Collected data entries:
::::::
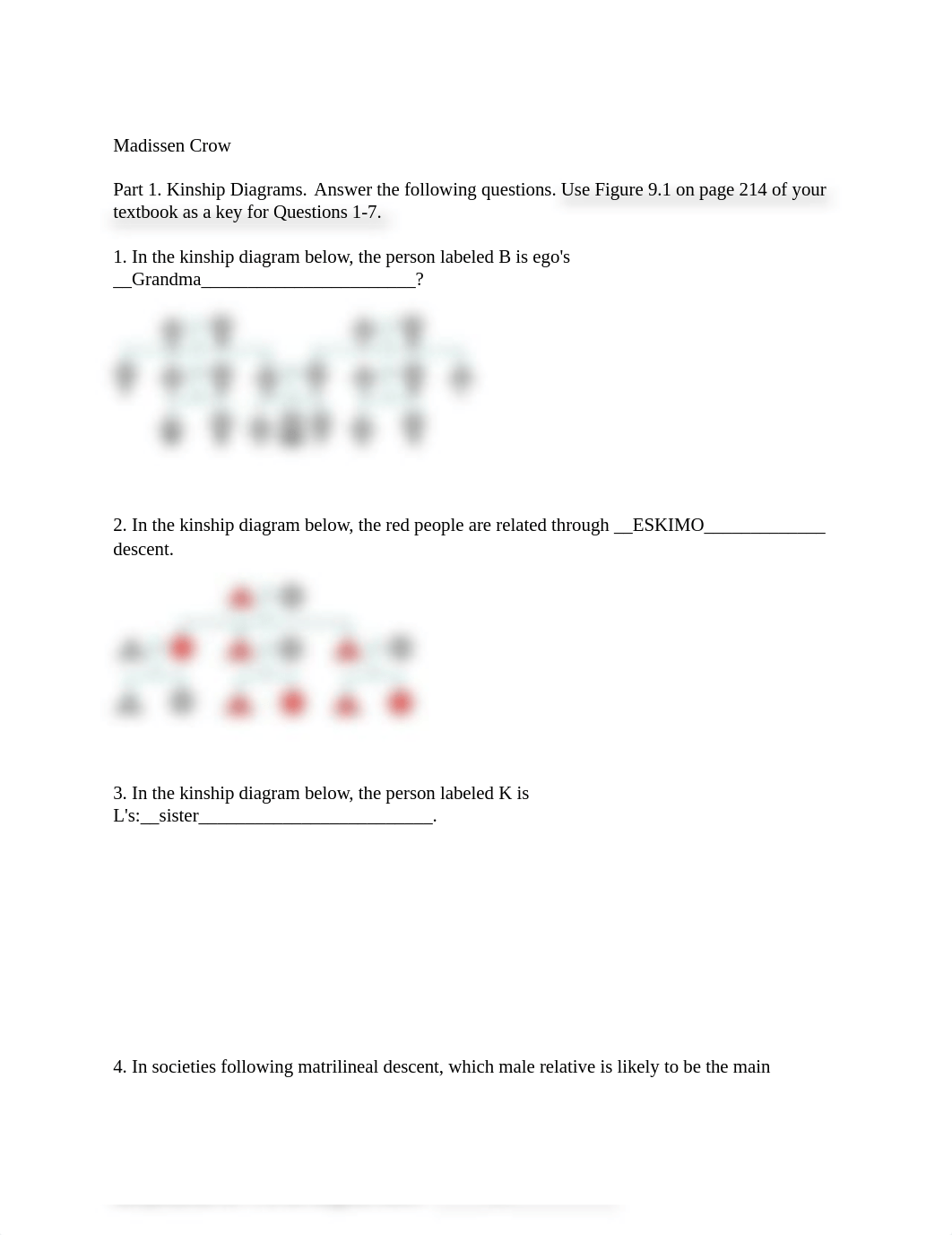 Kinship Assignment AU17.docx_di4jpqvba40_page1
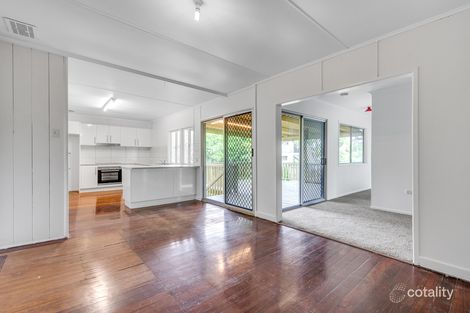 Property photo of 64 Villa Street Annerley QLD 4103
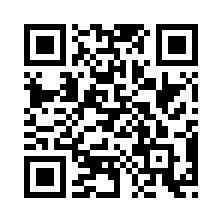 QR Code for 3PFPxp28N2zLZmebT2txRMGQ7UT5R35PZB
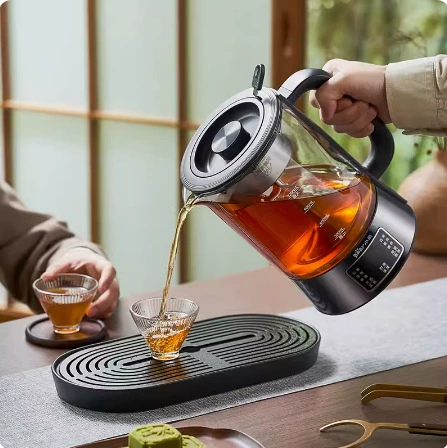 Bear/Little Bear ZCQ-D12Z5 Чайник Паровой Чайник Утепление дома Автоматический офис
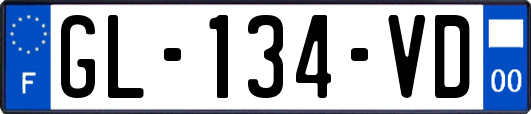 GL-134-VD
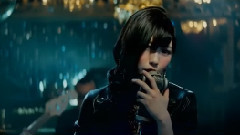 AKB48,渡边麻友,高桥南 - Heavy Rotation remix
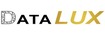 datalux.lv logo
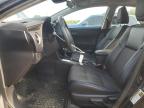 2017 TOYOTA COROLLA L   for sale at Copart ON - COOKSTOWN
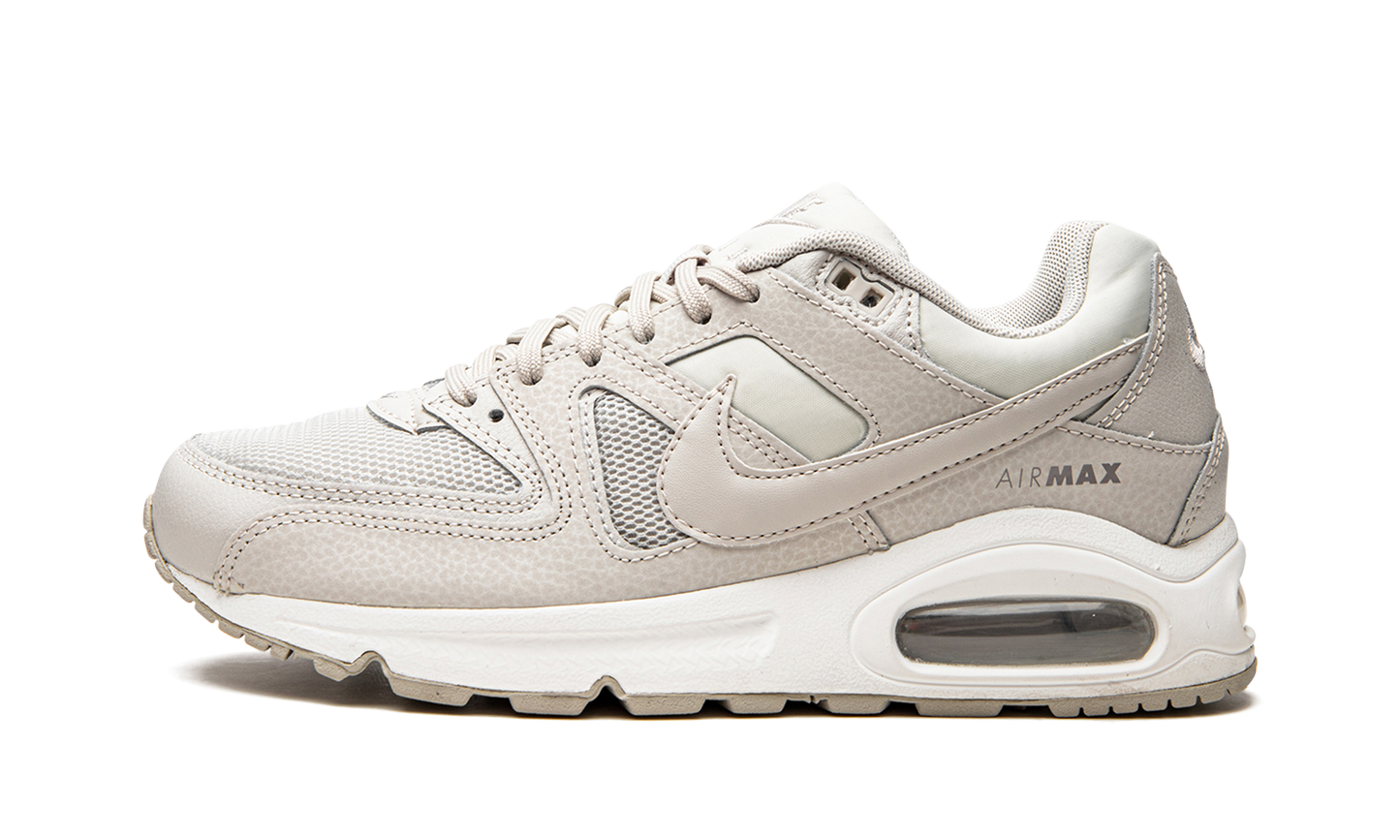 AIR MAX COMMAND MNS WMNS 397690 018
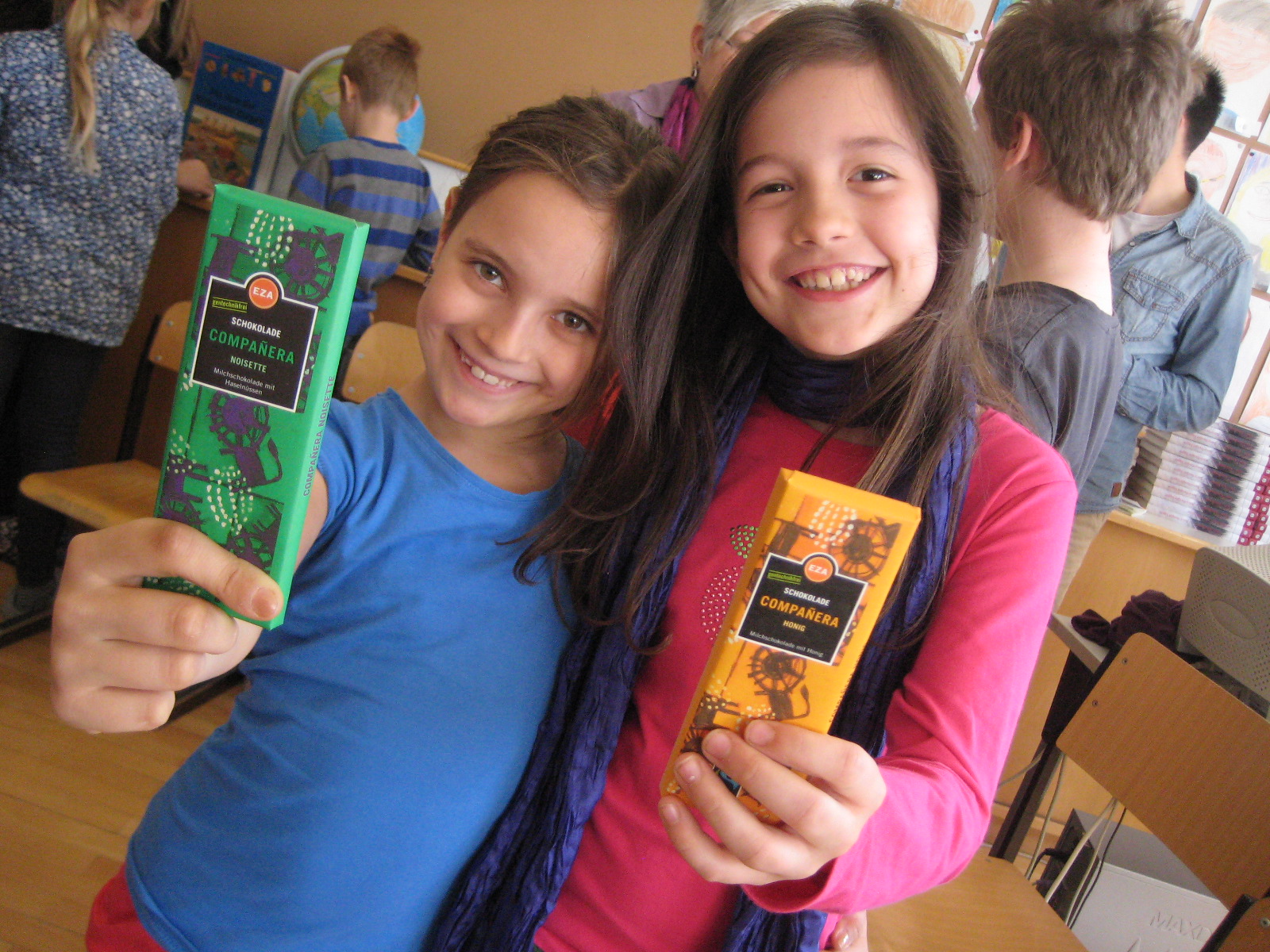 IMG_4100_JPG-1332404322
::::::
EXERCISE GOAL: Exact copy, no pictures: reproduce every entry shown above.

EXPECTED OUTPUT:
 Kinship Assignment AU17.docx_di4jpqvba40_page1
 Property photo of 64 Villa Street Annerley QLD 4103
 QR Code for 3PFPxp28N2zLZmebT2txRMGQ7UT5R35PZB
 Bear/Little Bear ZCQ-D12Z5 Чайник Паровой Чайник Утепление дома Автоматический офис
 GL-134-VD
 AKB48,渡边麻友,高桥南 - Heavy Rotation remix
 datalux.lv logo
 2017 TOYOTA COROLLA L   for sale at Copart ON - COOKSTOWN
 AIR MAX COMMAND MNS WMNS 397690 018
 IMG_4100_JPG-1332404322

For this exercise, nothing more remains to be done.